_THE DATA_:
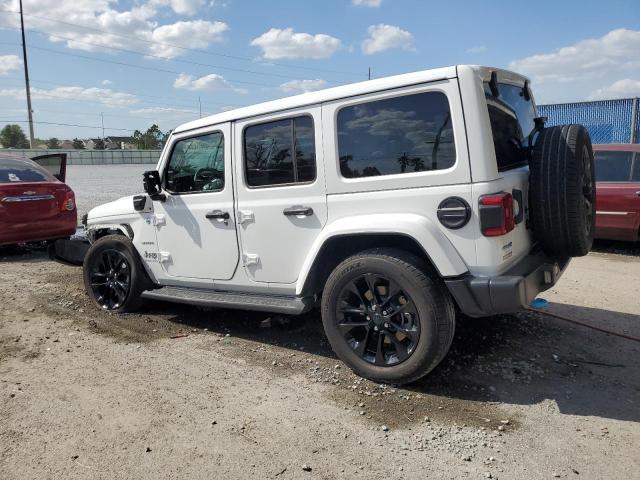 Photo 2 from auction – 2024 JEEP WRANGLER S with VIN 1C4RJXP65RW237343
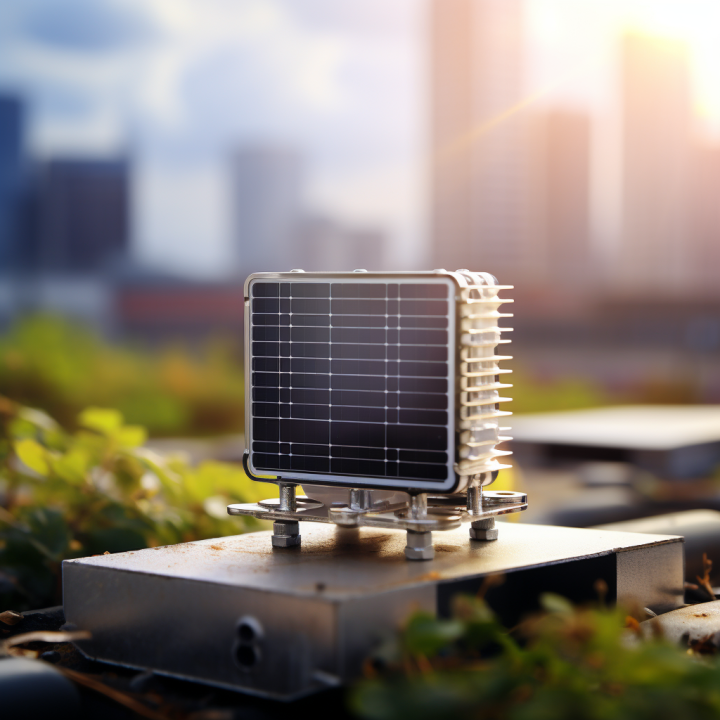 Energy Harvesting Sensors The Future of Sustainable Sensing?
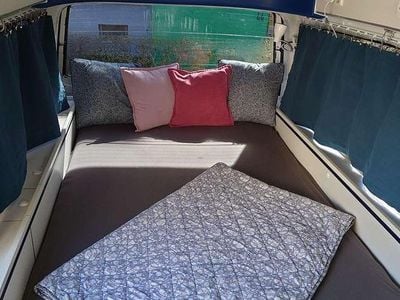 Gebraucht VW T5 102 PS (75 kW) 2013 Weiß Van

_REQUIRED ACTION_:
Reproduce all lines above exactly. Leave the images out.

_YOUR RESPONSE_:
 Photo 2 from auction – 2024 JEEP WRANGLER S with VIN 1C4RJXP65RW237343
 Energy Harvesting Sensors The Future of Sustainable Sensing?
 Gebraucht VW T5 102 PS (75 kW) 2013 Weiß Van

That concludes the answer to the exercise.